SECURITIES AND EXCHANGE COMMISSION
                             Washington, D.C. 20549

                                _________________


                                    FORM 8-K

                             CURRENT REPORT PURSUANT
                          TO SECTION 13 OR 15(d) OF THE
                         SECURITIES EXCHANGE ACT OF 1934


         Date of Report (Date of earliest event reported): April 5, 2002


                          SPINNAKER EXPLORATION COMPANY
             (Exact name of registrant as specified in its charter)


          Delaware                     001-16009                76-0560101
(State or other jurisdiction   (Commission File Number)      (I.R.S. Employer
      of incorporation)                                     Identification No.)
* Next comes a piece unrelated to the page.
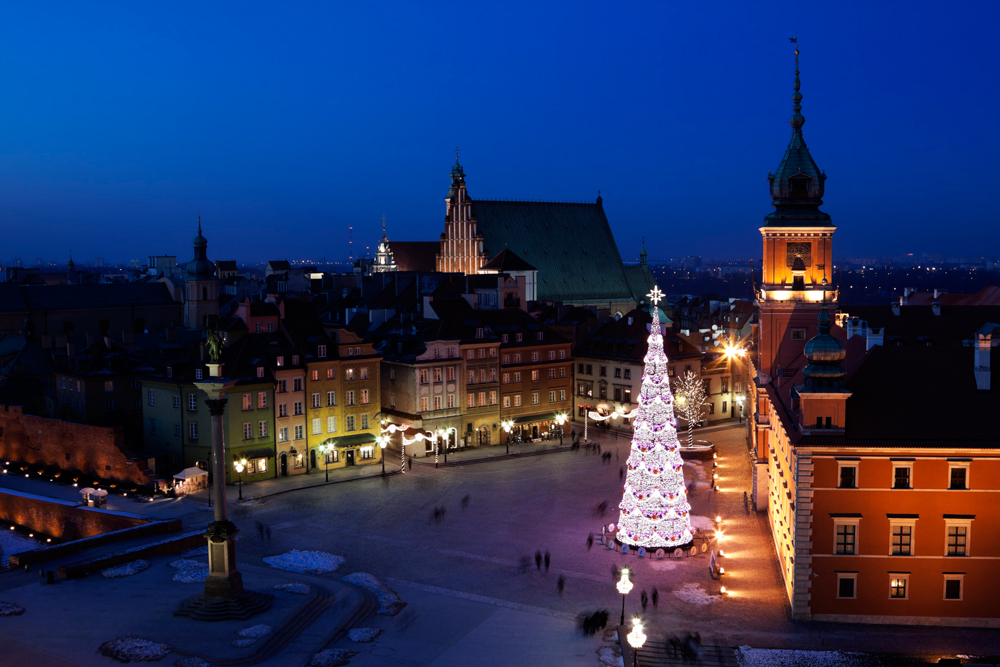 Варшава, Польша, Европа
             1200 Smith Street, Suite 800
                    Houston, Texas                                77002
       (Address of principal executive offices)                 (Zip code)
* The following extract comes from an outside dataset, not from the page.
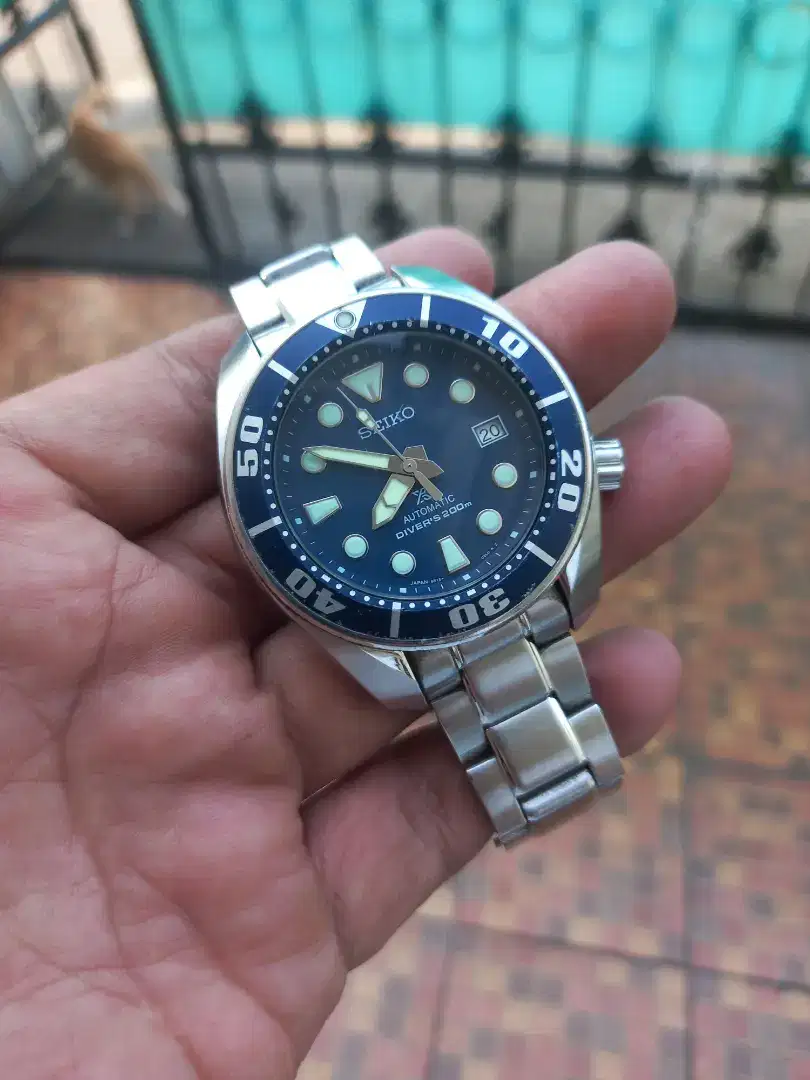 Seiko SUMO Diver SBDC033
       Registrant's telephone number, including area code: (713) 759-1770


Item 4. Changes in Registrant's Certifying Accountant.
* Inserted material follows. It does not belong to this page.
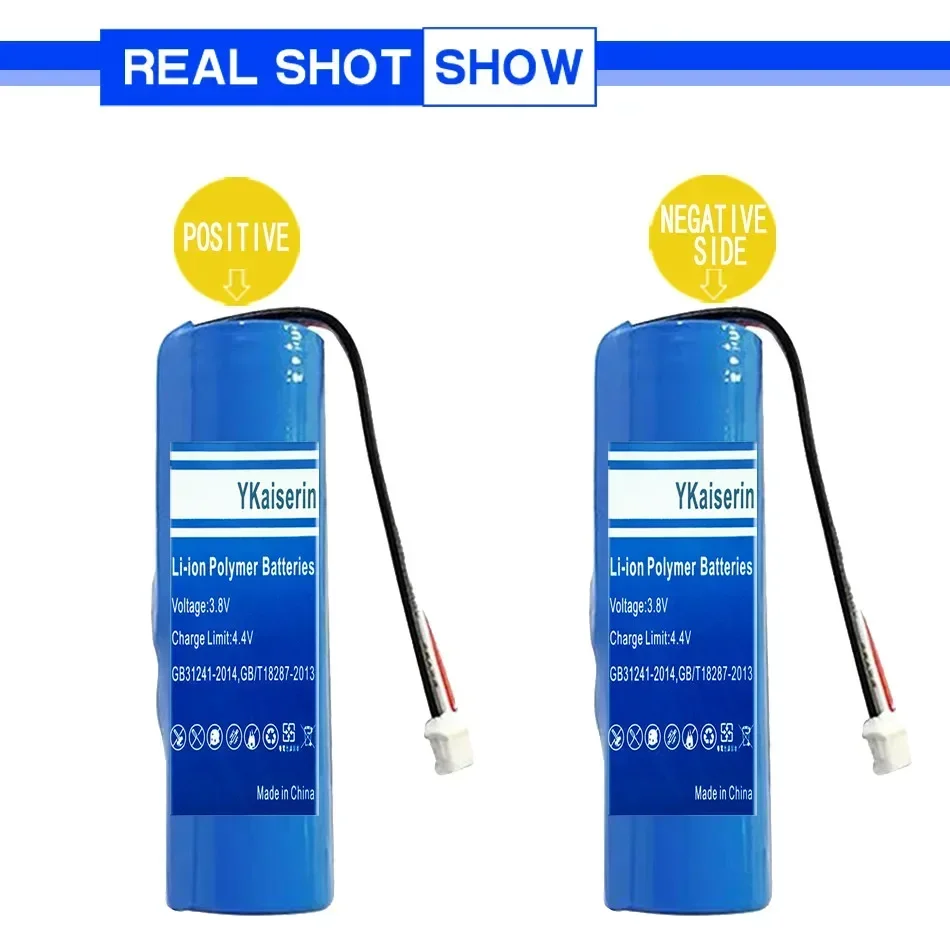 Аккумулятор YKaiserin HMC1450 емкостью 1200 мАч для Smart Dash Cam Pro 70mai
The Audit Committee of the Board of Directors of Spinnaker Exploration Company
("Spinnaker") annually considers and recommends to the Board of Directors of
Spinnaker the selection of Spinnaker's independent public accountants. On April
5, 2002, the Audit Committee, under the authority granted to it by the Board of
Directors, decided to dismiss Arthur Andersen LLP ("Andersen") as Spinnaker's
independent public accountants and engaged KPMG LLP to serve as Spinnaker's
independent public accountants for 2002. The decision to change independent
public accountants is not a reflection of Andersen's capabilities, commitment or
quality of service to Spinnaker. During its 5-year relationship with Spinnaker
as independent public accountants, the Andersen team exhibited the highest
degree of professionalism and quality service. The appointment of KPMG LLP is
subject to ratification by Spinnaker's stockholders at the 2002 annual meeting
scheduled for May 7, 2002.

Andersen's reports on Spinnaker's consolidated financial statements for either
of the past two fiscal years did not contain an adverse opinion or disclaimer of
opinion and were not qualified or modified as to uncertainty, audit scope or
accounting principles.

During Spinnaker's two most recent fiscal years and the period from January 1,
2002 through April 5, 2002, there were no disagreements with Andersen on any
matter of accounting principles or practices, financial statement disclosure or
auditing scope or procedure, which disagreements, if not resolved to the
satisfaction of Andersen, would have caused Andersen to make reference to the
subject matter of the disagreements in connection with Andersen's report; and
during such period there were no "reportable events" of the kind listed in Item
304(a)(1)(v) of Regulation S-K.

Spinnaker provided Andersen with a copy of the foregoing disclosure and
requested Andersen to furnish Spinnaker with a letter addressed to the
Securities and Exchange Commission stating whether it agrees with the statements
by Spinnaker in the foregoing disclosure and, if not, stating the respects in
which it does not agree. Andersen's letter is filed as Exhibit 16.1 to this
Current Report on Form 8-K.

During Spinnaker's two most recent fiscal years and through the date of this
Current Report on Form 8-K, Spinnaker did not consult KPMG LLP with respect to
the application of accounting principles to a specified transaction, either
completed or proposed, or the type of audit opinion that might be rendered on
Spinnaker's consolidated financial statements, or any other matters or
reportable events listed in Items 304(a)(2)(i) and (ii) of Regulation S-K.


Item 7. Exhibits.

16.1 - Letter dated April 8, 2002, from Arthur Andersen LLP to the Securities
       and Exchange Commission


                                    SIGNATURE

     Pursuant to the requirements of the Securities Exchange Act of 1934, the
registrant has duly caused this report to be signed on its behalf by the
undersigned hereunto duly authorized.


                                    SPINNAKER EXPLORATION COMPANY


Date: April 10, 2002                 By:   /s/ ROBERT M. SNELL
                                       -----------------------------------------
                                        Robert M. Snell
                                        Vice President, Chief Financial Officer
                                        and Secretary


                                  EXHIBIT INDEX


16.1 - Letter dated April 8, 2002, from Arthur Andersen LLP to the Securities
       and Exchange Commission.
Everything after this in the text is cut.